Manually update the hightlights.rst with any notable release information that you want to share with the community.

Previewing the Changelog#

You can manually preview how the changelog will render by running:

> towncrier build --draft

This will print the rendered reStructuredText to stdout without modifying any files or removing fragment files.

Note

The reStructuredText syntax will be checked as part of building the documentation. Any warnings should be corrected. The Iris GitHub Actions will automatically build the documentation when creating a pull request, however you can also manually build the documentation.

Tip

towncrier and the sphinx-changlog directive will automatically render the latest development changelog whenever the documentation is built.

Building the Changelog#

To build the release changelog

  1. Change directory to docs/src/whatsnew/.

  2. Ensure that the hightlights.rst is populated.

  3. Create the changelog release directory e.g., mkdir <major.minor>.

  4. Relocate the hightlights.rst i.e., git mv highlights.rst <major.minor>.

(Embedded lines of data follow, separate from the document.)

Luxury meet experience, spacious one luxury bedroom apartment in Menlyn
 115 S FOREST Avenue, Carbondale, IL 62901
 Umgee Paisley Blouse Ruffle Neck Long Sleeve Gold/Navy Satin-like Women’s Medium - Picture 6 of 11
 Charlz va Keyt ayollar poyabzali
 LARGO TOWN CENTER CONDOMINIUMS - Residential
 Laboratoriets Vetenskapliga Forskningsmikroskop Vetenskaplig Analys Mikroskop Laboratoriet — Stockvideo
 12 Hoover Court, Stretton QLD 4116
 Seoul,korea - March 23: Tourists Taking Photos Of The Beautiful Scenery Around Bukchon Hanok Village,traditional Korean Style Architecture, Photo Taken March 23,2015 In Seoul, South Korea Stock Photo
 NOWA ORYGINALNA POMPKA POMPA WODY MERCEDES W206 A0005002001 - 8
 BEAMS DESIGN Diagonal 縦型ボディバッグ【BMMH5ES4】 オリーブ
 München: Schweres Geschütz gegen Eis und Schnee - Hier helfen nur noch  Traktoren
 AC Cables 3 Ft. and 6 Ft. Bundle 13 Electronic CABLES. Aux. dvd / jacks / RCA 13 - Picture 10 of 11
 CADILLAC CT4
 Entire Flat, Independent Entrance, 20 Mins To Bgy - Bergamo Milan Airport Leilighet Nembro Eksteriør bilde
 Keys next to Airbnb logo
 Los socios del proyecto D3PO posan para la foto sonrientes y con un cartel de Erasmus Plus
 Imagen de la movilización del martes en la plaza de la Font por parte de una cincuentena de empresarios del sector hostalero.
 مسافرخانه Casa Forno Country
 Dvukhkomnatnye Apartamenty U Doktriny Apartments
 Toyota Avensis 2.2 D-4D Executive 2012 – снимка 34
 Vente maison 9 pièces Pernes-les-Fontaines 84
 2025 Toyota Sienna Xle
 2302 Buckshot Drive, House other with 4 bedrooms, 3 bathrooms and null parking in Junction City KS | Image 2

  5. Build the changelog i.e., towncrier build --version <major.minor>. Note that this will create a rendered <major.minor>/<major.minor>.rst changelog and automatically stage this file with git. The changelog news fragment files will also be automatically removed.

  6. Remove the latest development changelog i.e., git rm latest.rst.

  7. Update the “What’s New” index.rst replacing all references to latest.rst with <major.minor>/<major.minor>.rst.

Tip

Using the --keep command line argument when building the changelog allows you to review the rendered release changelog and keep all the changelog news fragment files, allowing you to backtrack and make changes, if necessary.

Configuration#

towncrier is configured within the [tool.towncrier] table of the root pyproject.toml.

The changelog/template.rst file contains the jinja2 template used by towncrier to render the changelog news fragments, sections, title and include the associated hightlights.rst.